水下多级微结构液气界面的稳定性和可恢复性研究

STABILITY AND RECOVERABILITY OF LIQUID-GAS INTERFACES ON SUBMERGED HIERARCHICALLY STRUCTURED SURFACES

  • 摘要: 微结构表面浸没水下所形成的液气界面对减阻等应用具有重要意义.液气界面的稳定存在是结构功能表面发挥作用的前提. 因此,如何增强液气界面的稳定性以抵抗浸润转变过程, 以及在液气界面失稳之后,如何实现去浸润过程以提高液气界面的可恢复性能,均具有重要的科学研究意义和实际应用价值, 也是国内外研究关注的热点问题.本文针对具有多级微结构的固体表面,研究其在浸没水下后形成的液气界面的稳定性和可恢复性.通过激光扫描共聚焦显微镜对不同压强下液气界面的失稳过程和降压后的恢复过程进行原位观察,实验结果和基于最小自由能原理的理论分析相吻合.本文揭示了多级微结构抵抗浸润转变以及提高液气界面可恢复性能的机理:侧壁上的次级结构(纳米颗粒、多层翅片)通过增加液气界面在壁面的表观前进接触角增强了液气界面的稳定性;底面的次级结构(纳米颗粒和封闭式次级结构)可以维持纳米尺寸气核的存在,有利于水中溶解气体向微结构内扩散, 最终使液气界面恢复.本文的研究为通过设计多级微结构表面来获得具有较强稳定性和可恢复性的液气界面提供了思路.

     

    Abstract: The liquid-gas interface formed by immersing the surfaces with microstructures underwater is of great importance for applications such as drag reduction and so on. The stable existence of the liquid-gas interface is a prerequisite for the function of microstructure function surfaces.

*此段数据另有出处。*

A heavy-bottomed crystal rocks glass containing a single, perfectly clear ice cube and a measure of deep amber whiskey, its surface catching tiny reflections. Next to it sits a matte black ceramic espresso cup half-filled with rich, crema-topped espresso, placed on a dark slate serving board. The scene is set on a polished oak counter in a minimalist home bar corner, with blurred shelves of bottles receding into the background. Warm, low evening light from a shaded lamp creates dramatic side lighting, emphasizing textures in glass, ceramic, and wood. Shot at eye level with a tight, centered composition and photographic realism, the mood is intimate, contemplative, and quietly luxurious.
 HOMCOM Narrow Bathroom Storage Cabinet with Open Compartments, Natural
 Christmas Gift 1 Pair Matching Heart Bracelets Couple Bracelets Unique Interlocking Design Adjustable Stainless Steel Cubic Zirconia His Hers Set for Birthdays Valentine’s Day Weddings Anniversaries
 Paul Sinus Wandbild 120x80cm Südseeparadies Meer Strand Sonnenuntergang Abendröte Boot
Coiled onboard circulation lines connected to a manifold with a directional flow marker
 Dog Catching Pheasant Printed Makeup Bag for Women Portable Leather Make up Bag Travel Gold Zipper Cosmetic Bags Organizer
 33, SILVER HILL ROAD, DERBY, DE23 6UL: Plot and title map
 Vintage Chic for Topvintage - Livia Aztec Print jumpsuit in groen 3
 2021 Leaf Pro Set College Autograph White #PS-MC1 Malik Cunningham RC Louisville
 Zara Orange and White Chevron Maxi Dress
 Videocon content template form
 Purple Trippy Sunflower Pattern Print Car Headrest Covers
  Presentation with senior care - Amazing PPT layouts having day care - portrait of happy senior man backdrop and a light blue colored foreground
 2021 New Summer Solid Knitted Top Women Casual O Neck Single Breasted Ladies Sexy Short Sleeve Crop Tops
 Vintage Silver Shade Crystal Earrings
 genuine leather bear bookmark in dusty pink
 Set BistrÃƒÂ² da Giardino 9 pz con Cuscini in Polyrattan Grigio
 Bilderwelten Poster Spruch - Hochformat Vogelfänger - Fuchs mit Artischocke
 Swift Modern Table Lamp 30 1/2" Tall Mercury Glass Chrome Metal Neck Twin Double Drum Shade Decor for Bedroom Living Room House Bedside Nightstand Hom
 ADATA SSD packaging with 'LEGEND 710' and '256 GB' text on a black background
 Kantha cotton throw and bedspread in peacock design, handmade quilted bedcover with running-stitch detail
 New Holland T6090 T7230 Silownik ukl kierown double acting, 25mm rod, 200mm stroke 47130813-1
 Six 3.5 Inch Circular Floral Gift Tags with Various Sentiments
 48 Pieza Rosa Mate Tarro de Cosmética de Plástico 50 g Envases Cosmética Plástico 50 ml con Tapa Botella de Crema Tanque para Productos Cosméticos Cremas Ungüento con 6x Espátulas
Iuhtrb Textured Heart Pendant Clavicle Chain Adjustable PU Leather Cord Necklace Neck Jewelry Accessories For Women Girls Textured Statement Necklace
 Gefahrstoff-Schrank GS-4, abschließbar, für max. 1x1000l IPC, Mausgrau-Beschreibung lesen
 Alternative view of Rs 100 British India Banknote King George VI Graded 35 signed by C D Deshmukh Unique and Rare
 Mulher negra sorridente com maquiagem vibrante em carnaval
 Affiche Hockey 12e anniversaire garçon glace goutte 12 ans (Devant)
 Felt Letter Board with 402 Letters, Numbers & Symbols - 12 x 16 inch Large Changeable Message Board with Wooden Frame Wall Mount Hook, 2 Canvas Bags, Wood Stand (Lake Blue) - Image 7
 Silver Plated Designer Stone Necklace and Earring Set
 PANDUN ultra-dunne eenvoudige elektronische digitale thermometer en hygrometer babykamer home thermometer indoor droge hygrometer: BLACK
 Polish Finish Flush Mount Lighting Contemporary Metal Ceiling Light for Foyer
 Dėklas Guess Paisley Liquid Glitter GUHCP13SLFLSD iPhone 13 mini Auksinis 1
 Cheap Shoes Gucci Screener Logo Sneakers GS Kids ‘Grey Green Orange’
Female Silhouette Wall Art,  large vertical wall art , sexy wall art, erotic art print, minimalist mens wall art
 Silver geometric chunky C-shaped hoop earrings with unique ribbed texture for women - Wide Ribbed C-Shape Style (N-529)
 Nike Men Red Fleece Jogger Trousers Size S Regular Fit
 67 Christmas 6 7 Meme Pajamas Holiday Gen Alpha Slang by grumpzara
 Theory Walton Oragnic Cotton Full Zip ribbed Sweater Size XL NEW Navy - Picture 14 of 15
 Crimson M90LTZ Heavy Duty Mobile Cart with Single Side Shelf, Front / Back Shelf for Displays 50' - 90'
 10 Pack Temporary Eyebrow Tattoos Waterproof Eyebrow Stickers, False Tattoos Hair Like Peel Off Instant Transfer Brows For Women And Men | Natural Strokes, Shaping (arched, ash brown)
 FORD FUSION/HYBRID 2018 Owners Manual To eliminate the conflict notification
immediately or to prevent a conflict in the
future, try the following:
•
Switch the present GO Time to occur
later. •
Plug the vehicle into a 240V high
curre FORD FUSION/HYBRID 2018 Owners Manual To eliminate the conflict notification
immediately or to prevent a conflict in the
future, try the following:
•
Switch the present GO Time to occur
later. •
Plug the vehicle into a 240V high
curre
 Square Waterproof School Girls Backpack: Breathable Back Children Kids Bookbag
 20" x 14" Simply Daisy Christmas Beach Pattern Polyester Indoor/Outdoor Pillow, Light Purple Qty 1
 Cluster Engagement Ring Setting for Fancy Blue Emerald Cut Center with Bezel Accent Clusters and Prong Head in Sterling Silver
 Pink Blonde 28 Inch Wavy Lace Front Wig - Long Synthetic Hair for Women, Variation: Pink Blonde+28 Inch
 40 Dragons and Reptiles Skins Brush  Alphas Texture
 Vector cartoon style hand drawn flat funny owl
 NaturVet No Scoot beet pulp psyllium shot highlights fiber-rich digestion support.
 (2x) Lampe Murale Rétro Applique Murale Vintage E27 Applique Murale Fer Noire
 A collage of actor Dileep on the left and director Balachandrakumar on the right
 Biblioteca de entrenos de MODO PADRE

Therefore, how to enhance the stability of the liquid-gas interface to resist the wetting transition process, and how to implement the de-wetting process to improve the recoverability of the liquid-gas interface after collapse, both have scientific research significance and practical application value, and have triggered extensive investigations at home and abroad. This work is dedicated to investigating the stability and recoverability of liquid-gas interfaces formed on hierarchically structured surfaces after immersion in water. Different kinds of hierarchically structured surfaces were firstly designed and fabricated in order to investigate the influence of the sublevel structures respectively on the sidewalls and the bottom on the stability and recoverability of the liquid-gas interface. Experiments using laser scanning confocal microscopy to in-situ investigate the collapse and recovery process of liquid-gas interfaces were then performed. Theoretical analysis based on minimizing the total free energy of the system was further completed with the aim to better understand the inner mechanism. The experimental results agreed well with the theoretical analysis. This work reveals the mechanism of hierarchically structured surfaces resisting wetting transition and improving liquid-gas interfaces recoverability: sublevel structures (nanoparticles, fins) on the sidewalls enhance the stability of the liquid-gas interface by increasing the apparent advancing contact angle; sublevel structures (nanoparticles and "closed'' sublevel structures) on the bottom surface are able to maintain the existence of nanoscale gas pockets, which is conducive to the diffusion of dissolved gas in the bulk water into the microstructure, and eventually helps the liquid-gas interface to recover. The research in this paper provides ideas for designing hierarchically structured surfaces to obtain liquid-gas interfaces with good stability and recoverability.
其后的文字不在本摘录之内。